EC Scoring:
=========
Basic Methods:                 1pt
 Includes X-Wings, (X)Y-Wings, XYZ-wings, W-Wings, Swordfish, Jellyfish,
 Simple Colouring, Skyscraper/2-String Kites & other Turbofish,
 Empty Rectangle/Hinge, Unique Rectangle 1-6, Bug +X (eg. Bug +1,+2 etc.),
 ALS-xz rule
 ---------------------------------------------------
Simple Chains:                 1pt
 XY-Chains or equivalent eg. AICs or ALS Chains with all bivalues
---------------------------------------------------
AICs                           2pts
Multi-Colouring
Bug-Lite
AUR-based stand-alone chains/nets
Mutant Fish Patterns >X-Wing
ALS Chains >2 sets with >bivalues
---------------------------------------------------
AALS stand-alone chains/nets   3pts
---------------------------------------------------
Multi-Inference Chains/Nets:   4pts
AAICs, Kraken Cell/Row/Column, AAHSs, Proving Loops
---------------------------------------------------
Special Conditions:
a)There is a surcharge of 0.5pt on Chains (AICs, AAICs/Krakens/Proving Loops)
for each Almost-pattern' (except ALS & AHP) used within the chain.
(eg. Almost X-Wing or Swordfish, Almost UR)
b)If at least 3 consecutive strong links of a previous AIC are used in a
subsequent chain, 1 pt can be substracted from that chain, but in no event,
can an AIC be scored at less than 1 pt.
---------------------------------------------------
Miscellaneous:
a)Solutions purposely containing chains that others have posted aren't
eligible for scoring. There is no penalty for unintended duplication
or near-duplication of chains posted by others.
b)Sorry: Bifurcation and/or Forcing Chain techniques not acceptable
       for the Eureka Challenge.

Eureka Challenge rules:

The Eureka Challenge is designed to appeal to those of us who use a similar standardized approach to advanced solving, including the use of the Eureka AIC Notation. This and the application of a scoring system necessitates more rigourous requirements in the both the manner of solving and declaring of solutions and does not infer that there is only one good way to solve or notate puzzles. By entering a solution here, it is assumed that you understand that the scoring system is part of the competition and that the rules are necessary for solution comparisons.
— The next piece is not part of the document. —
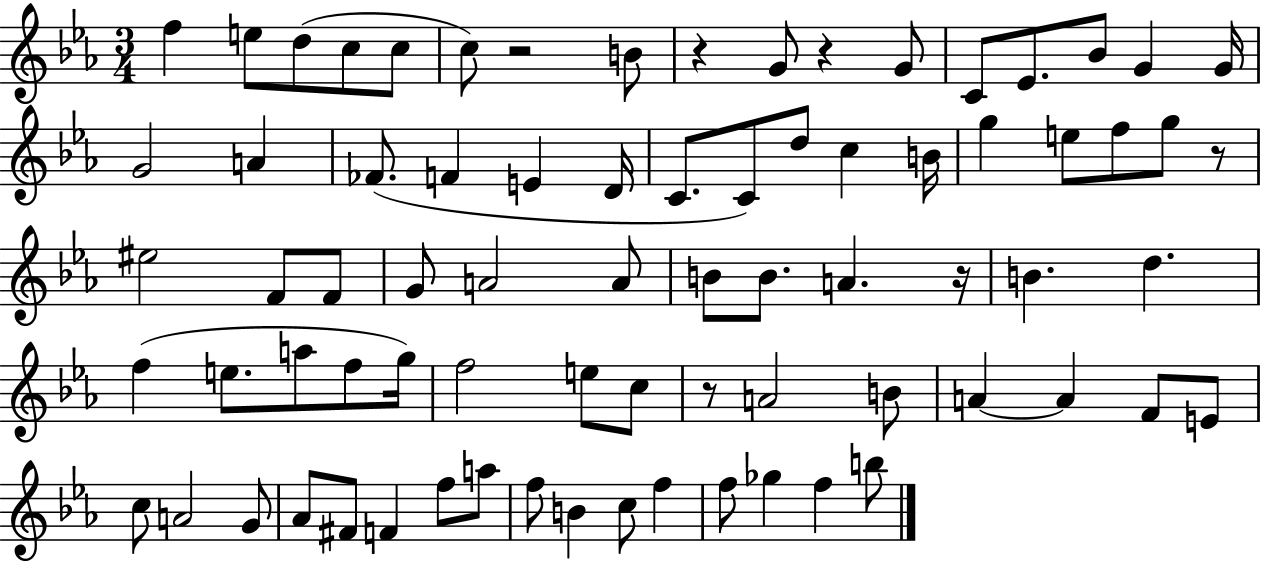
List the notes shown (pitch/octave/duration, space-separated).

F5/q E5/e D5/e C5/e C5/e C5/e R/h B4/e R/q G4/e R/q G4/e C4/e Eb4/e. Bb4/e G4/q G4/s G4/h A4/q FES4/e. F4/q E4/q D4/s C4/e. C4/e D5/e C5/q B4/s G5/q E5/e F5/e G5/e R/e EIS5/h F4/e F4/e G4/e A4/h A4/e B4/e B4/e. A4/q. R/s B4/q. D5/q. F5/q E5/e. A5/e F5/e G5/s F5/h E5/e C5/e R/e A4/h B4/e A4/q A4/q F4/e E4/e C5/e A4/h G4/e Ab4/e F#4/e F4/q F5/e A5/e F5/e B4/q C5/e F5/q F5/e Gb5/q F5/q B5/e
1) Puzzle acceptable difficulty range SE=8.1 to 8.6 and solving will start at the post-SSTS (Simple Sudoku Technique Set) point. Posting of the original puzzle string is encouraged.
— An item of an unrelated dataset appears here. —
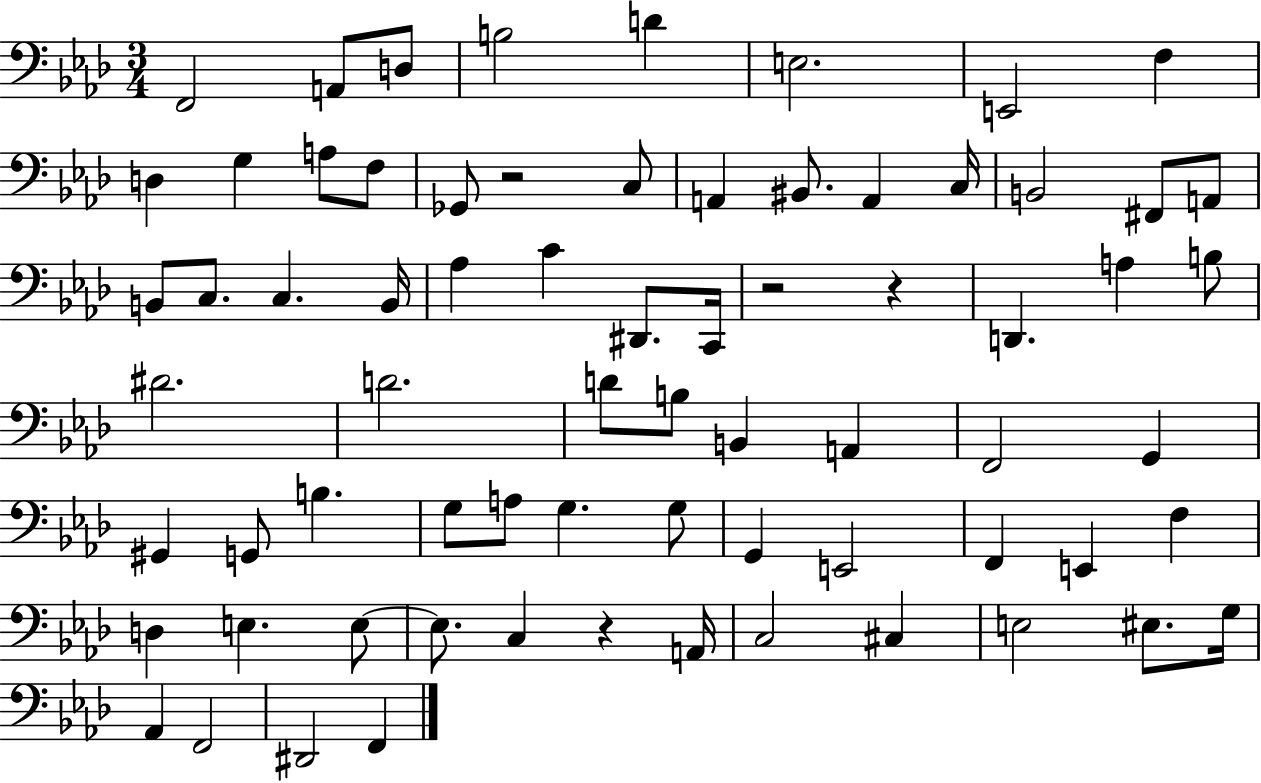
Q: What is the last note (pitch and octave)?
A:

2) Eureka notation must be used for all chains.

3) Each person should post their solution and score with each individual technique that requires a score given an accepted descriptive name or mnemonic (eg. AIC: (2)r3c4=2-4(r3c8) etc.). The presentation should be clear enough that others might understand one's solution and score. As in golf, the lowest score is the best score.

4) Please try to avoid using terminology or shorthand that is not intuitive or likely to be understood by most other solvers. If a terminology being used is starting to gain acceptance or has certain benefits, but isn't likely to be widely known, please define it when it is first used.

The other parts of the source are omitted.